П. БЫЛЕВСКИИ, член ВЛКСМ: «После того, как мы ушли с Тверской на проспект Калинина, мы натолкнулись там на плотный омоновский кордон. Мне запомнилась такая деталь: увидев омоновцев, демонстранты стали кидать им медные деньги с криками: «Возьмите то, за что вы продались!»…
А. ПОПОВ, член союза офицеров: «К четырем часам дня, после прорывов сквозь кордоны, после петляний по Арбату, по Калининскому проспекту, у Библиотеки Ленина мы наткнулись на последний кордон, проходить сквозь который просто не было сил. От венка, который мы – офицеры – несли к Могиле Неизвестного Солдата – практически ничего не осталось: он был потрепан, смят.
После получасового разговора с милицией мы возложили венок и цветы у здания Генерального штаба. И эти цветы уже были не цветами у святыни – они были цветами на могиле демократии и «перестройки».
Д. ГЕРАСИМОВ, корр. «Советской России»: «Выйдя в воскресенье из дома в 9 часов утра, я попал к Вечному огню лишь к половине пятого вечера.
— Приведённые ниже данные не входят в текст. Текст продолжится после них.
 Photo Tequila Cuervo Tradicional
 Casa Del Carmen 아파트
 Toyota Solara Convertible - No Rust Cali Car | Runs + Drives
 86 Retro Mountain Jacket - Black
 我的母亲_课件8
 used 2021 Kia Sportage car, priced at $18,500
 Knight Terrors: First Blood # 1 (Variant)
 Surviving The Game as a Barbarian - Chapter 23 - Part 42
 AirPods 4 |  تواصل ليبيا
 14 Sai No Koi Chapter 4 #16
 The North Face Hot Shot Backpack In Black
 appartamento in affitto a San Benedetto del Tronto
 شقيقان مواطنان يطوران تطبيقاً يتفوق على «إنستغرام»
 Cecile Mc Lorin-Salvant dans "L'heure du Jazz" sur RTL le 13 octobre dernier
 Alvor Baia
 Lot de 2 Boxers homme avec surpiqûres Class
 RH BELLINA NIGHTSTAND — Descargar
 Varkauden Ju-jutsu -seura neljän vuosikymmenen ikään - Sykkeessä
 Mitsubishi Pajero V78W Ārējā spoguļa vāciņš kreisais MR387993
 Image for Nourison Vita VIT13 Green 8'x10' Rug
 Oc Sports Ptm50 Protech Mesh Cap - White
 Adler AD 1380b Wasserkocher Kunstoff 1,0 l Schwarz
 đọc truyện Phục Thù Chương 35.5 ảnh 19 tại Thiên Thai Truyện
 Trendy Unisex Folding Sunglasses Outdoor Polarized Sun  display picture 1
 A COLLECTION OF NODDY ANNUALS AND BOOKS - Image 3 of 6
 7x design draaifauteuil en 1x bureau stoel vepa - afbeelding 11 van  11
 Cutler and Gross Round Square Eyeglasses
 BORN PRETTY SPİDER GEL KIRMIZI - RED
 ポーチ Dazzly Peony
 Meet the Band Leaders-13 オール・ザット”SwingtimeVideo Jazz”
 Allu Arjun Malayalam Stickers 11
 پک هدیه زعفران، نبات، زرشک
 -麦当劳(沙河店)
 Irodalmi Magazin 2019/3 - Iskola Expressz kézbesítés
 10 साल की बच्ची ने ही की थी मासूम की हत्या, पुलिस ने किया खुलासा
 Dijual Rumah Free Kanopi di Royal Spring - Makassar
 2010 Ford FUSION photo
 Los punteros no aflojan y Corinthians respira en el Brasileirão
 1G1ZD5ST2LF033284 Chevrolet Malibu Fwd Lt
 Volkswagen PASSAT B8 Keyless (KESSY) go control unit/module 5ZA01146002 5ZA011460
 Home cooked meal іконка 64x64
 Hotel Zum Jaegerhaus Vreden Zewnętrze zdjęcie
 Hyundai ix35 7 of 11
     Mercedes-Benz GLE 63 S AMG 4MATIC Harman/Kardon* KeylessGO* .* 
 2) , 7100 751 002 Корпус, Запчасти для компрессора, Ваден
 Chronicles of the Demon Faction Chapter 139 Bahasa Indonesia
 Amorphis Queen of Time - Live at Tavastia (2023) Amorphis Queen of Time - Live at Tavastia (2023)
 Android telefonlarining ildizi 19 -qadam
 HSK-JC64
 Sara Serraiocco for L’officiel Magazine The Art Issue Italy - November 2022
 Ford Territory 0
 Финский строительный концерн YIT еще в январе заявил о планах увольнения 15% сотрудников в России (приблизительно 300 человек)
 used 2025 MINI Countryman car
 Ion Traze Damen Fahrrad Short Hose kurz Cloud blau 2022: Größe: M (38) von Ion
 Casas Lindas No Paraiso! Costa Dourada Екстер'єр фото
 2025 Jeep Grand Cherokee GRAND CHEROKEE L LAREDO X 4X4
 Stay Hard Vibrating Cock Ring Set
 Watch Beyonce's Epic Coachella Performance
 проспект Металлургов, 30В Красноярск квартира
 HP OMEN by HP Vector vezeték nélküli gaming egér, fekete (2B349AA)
В промежутке – прорывы сквозь бесчисленные заслоны и кордоны, бои и увещевания, крики до хрипоты, порция «черемухи» и порванная одежда.
Кордон возле Александровского сада был менее агрессивен…
– Ну и что дальше? – спросил меня майор милиции С. Уваришин, тоскливо глядя в мое редакционное удостоверение. – Зачем вам к Вечному огню?
Что тут ответить? Первый раз в жизни в собственной стране в один из самых святых праздников я не мог снять шапку перед Могилой Неизвестного Солдата.
– Если бы я знал, что наш народ не будут пускать к святыням, – признался с горечью начальник воинского патруля подполковник Е. Сидоров, – я бы просто не пошел сегодня в наряд, а был бы там, возле грузовиков, где десятки тысяч наших офицеров!»